• **Provided records**
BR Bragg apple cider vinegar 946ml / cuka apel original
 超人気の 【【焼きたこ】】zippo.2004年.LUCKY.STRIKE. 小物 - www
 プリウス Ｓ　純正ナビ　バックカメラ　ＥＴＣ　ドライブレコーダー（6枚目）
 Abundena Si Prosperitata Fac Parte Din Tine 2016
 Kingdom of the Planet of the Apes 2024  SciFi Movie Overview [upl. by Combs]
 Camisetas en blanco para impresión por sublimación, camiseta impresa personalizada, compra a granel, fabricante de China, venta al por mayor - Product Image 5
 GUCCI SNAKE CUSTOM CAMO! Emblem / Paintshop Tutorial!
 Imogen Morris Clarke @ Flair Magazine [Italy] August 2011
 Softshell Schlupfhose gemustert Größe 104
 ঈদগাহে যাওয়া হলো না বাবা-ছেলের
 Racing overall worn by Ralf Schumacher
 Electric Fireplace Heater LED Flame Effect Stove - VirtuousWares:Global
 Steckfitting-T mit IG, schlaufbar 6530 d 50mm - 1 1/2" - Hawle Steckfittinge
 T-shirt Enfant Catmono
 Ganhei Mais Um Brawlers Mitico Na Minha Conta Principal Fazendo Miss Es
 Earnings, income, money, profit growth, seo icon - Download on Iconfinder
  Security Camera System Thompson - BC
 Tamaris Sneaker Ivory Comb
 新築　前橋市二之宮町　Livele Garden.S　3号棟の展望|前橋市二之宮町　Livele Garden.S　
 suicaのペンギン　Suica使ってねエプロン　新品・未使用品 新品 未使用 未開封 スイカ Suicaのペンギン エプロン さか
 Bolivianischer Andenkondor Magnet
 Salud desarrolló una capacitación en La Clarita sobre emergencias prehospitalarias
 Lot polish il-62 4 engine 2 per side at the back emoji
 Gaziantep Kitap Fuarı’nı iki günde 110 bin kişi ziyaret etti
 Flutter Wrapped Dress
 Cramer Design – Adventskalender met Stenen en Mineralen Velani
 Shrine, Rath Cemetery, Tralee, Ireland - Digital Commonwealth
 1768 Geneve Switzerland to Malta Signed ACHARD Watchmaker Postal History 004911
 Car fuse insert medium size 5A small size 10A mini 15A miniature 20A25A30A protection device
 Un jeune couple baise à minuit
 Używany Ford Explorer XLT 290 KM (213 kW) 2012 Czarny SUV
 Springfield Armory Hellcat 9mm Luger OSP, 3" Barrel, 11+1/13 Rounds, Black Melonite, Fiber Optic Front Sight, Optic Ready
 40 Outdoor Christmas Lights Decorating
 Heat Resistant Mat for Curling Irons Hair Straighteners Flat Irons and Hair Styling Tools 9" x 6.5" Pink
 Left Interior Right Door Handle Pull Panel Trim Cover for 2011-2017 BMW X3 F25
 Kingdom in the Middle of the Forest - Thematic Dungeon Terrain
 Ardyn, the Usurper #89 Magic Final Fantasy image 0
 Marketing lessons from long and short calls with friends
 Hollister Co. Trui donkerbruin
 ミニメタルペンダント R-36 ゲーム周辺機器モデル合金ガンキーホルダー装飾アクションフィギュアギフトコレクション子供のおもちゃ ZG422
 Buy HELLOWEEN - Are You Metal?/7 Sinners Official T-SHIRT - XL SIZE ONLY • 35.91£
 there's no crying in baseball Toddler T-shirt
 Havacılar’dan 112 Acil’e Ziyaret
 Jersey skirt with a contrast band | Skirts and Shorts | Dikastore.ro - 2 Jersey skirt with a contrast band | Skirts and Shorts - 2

• **Instructions to follow**
Retype the listing above without a single difference.

• **Finished exercise**
BR Bragg apple cider vinegar 946ml / cuka apel original
 超人気の 【【焼きたこ】】zippo.2004年.LUCKY.STRIKE. 小物 - www
 プリウス Ｓ　純正ナビ　バックカメラ　ＥＴＣ　ドライブレコーダー（6枚目）
 Abundena Si Prosperitata Fac Parte Din Tine 2016
 Kingdom of the Planet of the Apes 2024  SciFi Movie Overview [upl. by Combs]
 Camisetas en blanco para impresión por sublimación, camiseta impresa personalizada, compra a granel, fabricante de China, venta al por mayor - Product Image 5
 GUCCI SNAKE CUSTOM CAMO! Emblem / Paintshop Tutorial!
 Imogen Morris Clarke @ Flair Magazine [Italy] August 2011
 Softshell Schlupfhose gemustert Größe 104
 ঈদগাহে যাওয়া হলো না বাবা-ছেলের
 Racing overall worn by Ralf Schumacher
 Electric Fireplace Heater LED Flame Effect Stove - VirtuousWares:Global
 Steckfitting-T mit IG, schlaufbar 6530 d 50mm - 1 1/2" - Hawle Steckfittinge
 T-shirt Enfant Catmono
 Ganhei Mais Um Brawlers Mitico Na Minha Conta Principal Fazendo Miss Es
 Earnings, income, money, profit growth, seo icon - Download on Iconfinder
  Security Camera System Thompson - BC
 Tamaris Sneaker Ivory Comb
 新築　前橋市二之宮町　Livele Garden.S　3号棟の展望|前橋市二之宮町　Livele Garden.S　
 suicaのペンギン　Suica使ってねエプロン　新品・未使用品 新品 未使用 未開封 スイカ Suicaのペンギン エプロン さか
 Bolivianischer Andenkondor Magnet
 Salud desarrolló una capacitación en La Clarita sobre emergencias prehospitalarias
 Lot polish il-62 4 engine 2 per side at the back emoji
 Gaziantep Kitap Fuarı’nı iki günde 110 bin kişi ziyaret etti
 Flutter Wrapped Dress
 Cramer Design – Adventskalender met Stenen en Mineralen Velani
 Shrine, Rath Cemetery, Tralee, Ireland - Digital Commonwealth
 1768 Geneve Switzerland to Malta Signed ACHARD Watchmaker Postal History 004911
 Car fuse insert medium size 5A small size 10A mini 15A miniature 20A25A30A protection device
 Un jeune couple baise à minuit
 Używany Ford Explorer XLT 290 KM (213 kW) 2012 Czarny SUV
 Springfield Armory Hellcat 9mm Luger OSP, 3" Barrel, 11+1/13 Rounds, Black Melonite, Fiber Optic Front Sight, Optic Ready
 40 Outdoor Christmas Lights Decorating
 Heat Resistant Mat for Curling Irons Hair Straighteners Flat Irons and Hair Styling Tools 9" x 6.5" Pink
 Left Interior Right Door Handle Pull Panel Trim Cover for 2011-2017 BMW X3 F25
 Kingdom in the Middle of the Forest - Thematic Dungeon Terrain
 Ardyn, the Usurper #89 Magic Final Fantasy image 0
 Marketing lessons from long and short calls with friends
 Hollister Co. Trui donkerbruin
 ミニメタルペンダント R-36 ゲーム周辺機器モデル合金ガンキーホルダー装飾アクションフィギュアギフトコレクション子供のおもちゃ ZG422
 Buy HELLOWEEN - Are You Metal?/7 Sinners Official T-SHIRT - XL SIZE ONLY • 35.91£
 there's no crying in baseball Toddler T-shirt
 Havacılar’dan 112 Acil’e Ziyaret
 Jersey skirt with a contrast band | Skirts and Shorts | Dikastore.ro - 2 Jersey skirt with a contrast band | Skirts and Shorts - 2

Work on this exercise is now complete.